R.J. Vail was a Grade 4 student at Coles Island School when he asked his teacher what a million looks like.
Susan Weaver didn’t know how to answer the eight-year-old boy’s question, so the pair decided they would collect one million of something so they could visualize it.
Vail brought a can of bread tags to school and, at the end of the school year, he made Weaver promise to keep collecting the tags.
That was in 1998.
Sadly, Vail was killed in a car accident in 2006, at the age of 16.
Weaver says she was still collecting bread tags, but she had only collected one or two bottles at that point.
Vail’s death gave her extra motivation to keep collecting -- now, in memory of the student who started the project.
In November, Weaver -- who now teaches at Chipman Elementary School -- was halfway to reaching her goal, having collected roughly 500,000 bread tags.
Eager to fulfil her promise to Vail, she started a Facebook page to spread the word, and provided a list of drop-off locations in New Brunswick.
Soon, the small elementary school was inundated with cards, letters and notes from all over the country.
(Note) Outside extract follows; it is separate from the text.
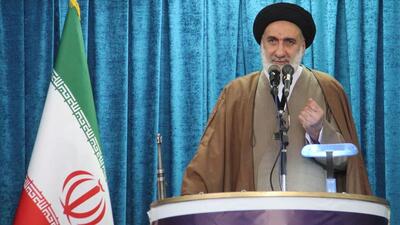 امام جمعه شهرکرد: خلیج فارس برای همیشه تاریخ خلیج فارس خواهد ماند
Some contained a couple bread tags, while others contained thousands.
“There’s so many caring people in our province and in the Maritimes and, as Canadians, it makes me proud to live where I live,” says Weaver.
It was a unique black bread tag, which arrived last week, that marked a million tags, helping Weaver achieve her goal.
“It’s the only one of its kind in our collection, so we wanted to show you our one black bread tag that arrived,” said Weaver in a video posted to Facebook Monday morning. “We’re not sure who it’s from or what it was clipped onto.”
As for Vail’s family, they say they felt “overwhelmed” when they learned that Weaver had collected the millionth bread tag. They say they knew she would keep her promise.
“You don’t know what tomorrow promises, and I wish that my brother was here to meet my kids, I really do, but he’ll always live on in everybody, and every time someone sees a bread tag they’ll think of him,” says his sister, Kendra Vail.
Weaver hasn’t decided what to do with all the bread tags just yet. Right now, they will continue to be a math lesson for her students, and a reminder of how valuable a promise can be.
“There are 16 students that I have had in my classroom that are no longer here with us, so I hope that at least for those 16, that I’ve made a small difference in their world,” says Weaver.
Set to retire in six years, Weaver is already working on her next milestone – to build a computer pod so her students have computers to use.